The day after Daunte Wright was fatally shot by a policeman at a traffic stop in Brooklyn Center, Minnesota on April 11, in the middle of the murder trial against the former Minneapolis cop who killed George Floyd, the officials chose to quickly release some of the body camera images. Video shows the officer, who has since resigned and been charged with second degree manslaughter, shouting “Taser”, suggesting she mistook one gun for another. The early release, which was not required by law, came after a night of particularly intense protests, in which police fired tear gas and rubber bullets.
When 16-year-old Ms Bryant, who according to the body camera video was brandishing a knife and threatening two girls, was shot and killed by a police officer in Columbus on April 20, the Columbus Police Division released a video about five hours away. later, as protesters gathered at the scene.
“We wanted to get this out as soon as possible,” said Michael Woods, Columbus’ acting police chief, although he was not required by law to do it quickly.
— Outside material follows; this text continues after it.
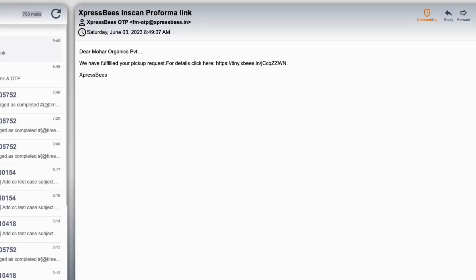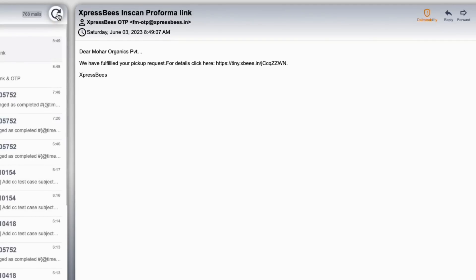Let me actually try to send a real email from my Gmail to this address. I'll put the subject as 'Test Email' and write 'Hello, this is a test email.' I've sent the email, so if I refresh this page the email I sent should come in here.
Before North Carolina passed its body camera law in 2016, state law enforcement agencies operated by their own rules. But the murder of Mr. Brown, who like Mrs. Bryant and Mr. Wright was black, renewed calls for a change in the law.
“I think it should be a public recording,” said Attorney General Josh Stein, a Democrat from North Carolina, referring to the body camera footage. “And there should be a date that the public knows there will be access to. And the onus should be on law enforcement to go to court to request a temporary stay for investigation. “
This week, State Representative Amos Quick, a Democrat, introduced a bill in the House of Representatives that would require law enforcement agencies to post body camera recordings within 48 hours, and give to the police a chance to appear before a judge to argue that the release would, among other things, compromise the safety of a person or hinder an investigation. (A similar bill is pending in the State Senate).